Aim: During the first days of life, the gut microbial communities and the host immunity develop in a delicate, not yet fully delineated process. Various interferences with normal early gut colonization challenge this process, including surgical delivery, formula feeding and antibiotics. All of these influences are even more relevant in very preterm infants (VPIs), who are additionally exposed to the microbial environment of neonatal intensive care units. Short-term effects of these disturbances on the neonatal microbiome have been previously studied, albeit often under modestly controlled conditions, as have effects of prophylactic countermeasures like probiotics.
Thus, for VPIs, there is a clear need to identify therapeutic options (including specific probiotic formulations) that can support the development of a healthy, eubiotic gut microbiome from infancy through childhood into later life.

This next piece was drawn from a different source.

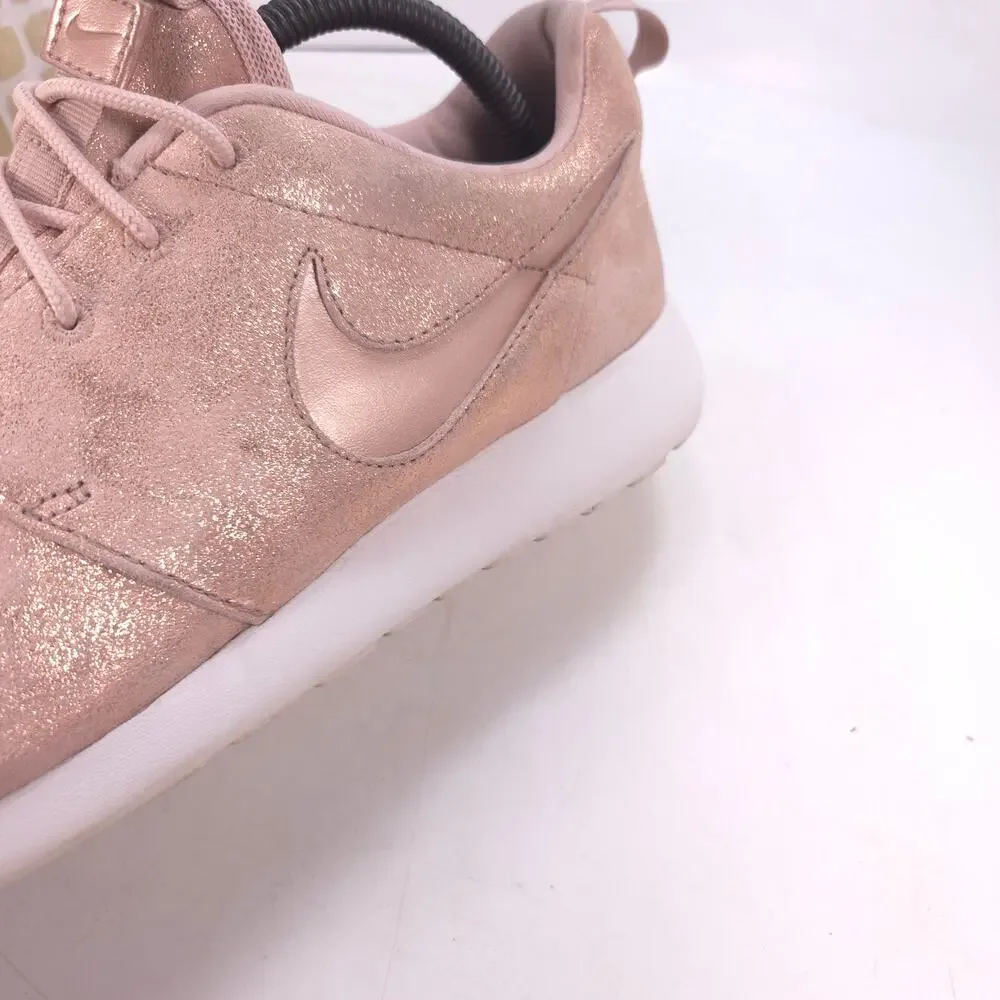 Nike Roshe One Athletic Running Shoe Womens Size 9.5 833928-900 Pink Shimmer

Design: 1. Comparative microbiome analysis by deep metagenomic sequencing (performed in a separate workpackage at EMBL, Heidelberg) of the gut microbiome in very preterm infants (VPI) in a subset of the PRIMAL clinical study (n = 120) and their healthy mothers (n = 120) in the presence or absence of antibiotics with or without the use of probiotics during the first year of life.

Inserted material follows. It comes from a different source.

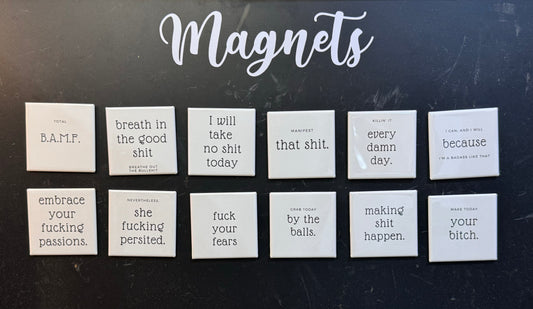 Sweary Affirmation Magnet Set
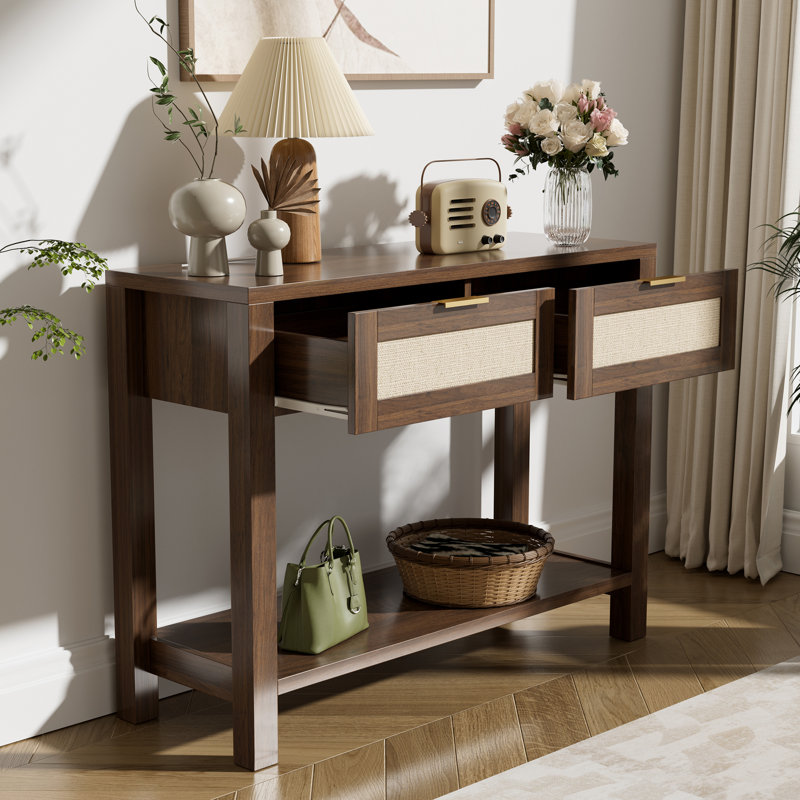  39.4'' Console Table, Walnut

2. 16S rRNA sequencing of all PRIMAL clinical study fecal samples for lower resolution taxonomical
analysis (will be done at the University Medical Center Mainz), allowing independent validation of discoveries.
Expected outcome:Our project includes in depth investigation of the microbiome, based on the randomized and controlled PRIMAL clinical study and is ideally positioned to provide rationales for novel therapeutic strategies, including the next generation of probiotics.